The iterated prisoner’s dilemma game requires two prisoner’s dilemma agents to continuously face each other in a set number of rounds. On each round, an agent can either take one gold bar from an infinite store in the middle (selfishly), or give two bars to his opposing agent (benevolently). Agents have memory, so if one side acts selfishly, his opponent is likely to retaliate with selfishness later on.
In college, I took a class where we were tasked with creating a bot that competed with each of the other bots in the class in an iterated prisoner’s dilemma tournament. Importantly, each bot’s goal was to gain the most gold among all the rounds it played, and not to beat as many opponents as possible.
What is the difference between these two goals? It wasn’t clear to me until I sat down to discuss winning strategies with some friends.
The well-known solution was a ridiculously simple bot that does whatever its opponent did the previous round, starting by giving. This is known as the tit-for-tat bot, and it is famous in psychology/political science circles for beating every other bot in two international tournaments around 1980.  For the most part, my classmates schemed to beat it.
More than one friend confided in me that their strategy was to build an agent that was guaranteed to outscore a tit-for-tat bot in any round. To do this, the agents would be more nefarious than tit-for-tat. They would take gold at random, and certainly on the last round with any opponent. Thus, they were guaranteed a higher average score than their opponent across the rounds between the pair.
It seemed sound. If you were guaranteed to score higher on every round against a provably great bot, surely you would perform better than that bot in the tournament. I sketched out what this looked like.
And then I realized I was missing 90% of the picture.
Because each bot played every other bot, the nefarious bots wound up hurting themselves more than they did anyone else. They would perform well locally, against a single tit-for-tat bot. But in the greater environment of the tournament, where all agents retaliated against their opponents for selfish behaviour, taking was extremely costly. Taking begets taking, which risks sending a pair of agents into a downward spiral of mistrusting each other and taking for the rest of their rounds. This results in significantly lower profits for both agents.

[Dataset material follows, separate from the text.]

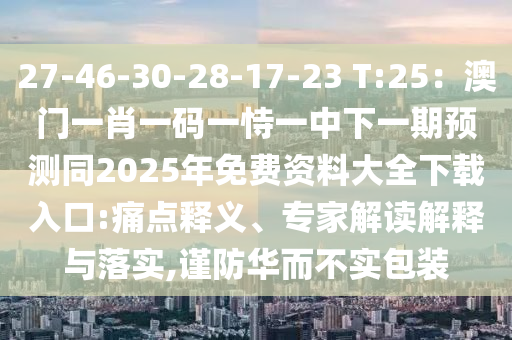 27-46-30-28-17-23 T:25：澳門一肖一碼一恃一中下一期預(yù)測(cè)同2025年免費(fèi)資料大全下載入口:痛點(diǎn)釋義、專家解讀解釋與落實(shí),謹(jǐn)防華而不實(shí)包裝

Meanwhile, the success of each tit-for-tat bot increased when the total number of tit-for-tat bots (or similarly generous agents) in the tournament increased. It was a win-win situation every time a tit-for-tat bot encountered another such bot, because both agents would give to their opponent indefinitely. The most optimal agents were also the generous ones, who won’t take unless they’re given a reason to take. As expected, tit-for-tat bots did extremely well in the tournament.
“You can lose some battles, and still win the war.”
For several weeks afterwards, I couldn’t get this idea out of my head. The iterated prisoner’s dilemma tournament illustrated an interesting perspective on life itself. While acting antagonistically may let you take the upper hand on isolated situations or relationships, acting benevolently lets you take the upper hand in the greater system. I thought about traits like generosity, cooperation, and humility, which can sometimes feel like losing to an undeserving opponent. Perhaps, in actuality, they’re win-win situations.
 To elaborate: each agent knows that his own most optimal move is to take gold, and he knows that his opponent’s most optimal move is to take gold. He thus assumes that his opponent will take gold, leaving him with no option but to take as well.
 Dr. Robert Axelrod’s famous paper, The Evolution of Cooperation. Dr. Axelrod was the one who ran the original iterated prisoner’s dilemma tournaments.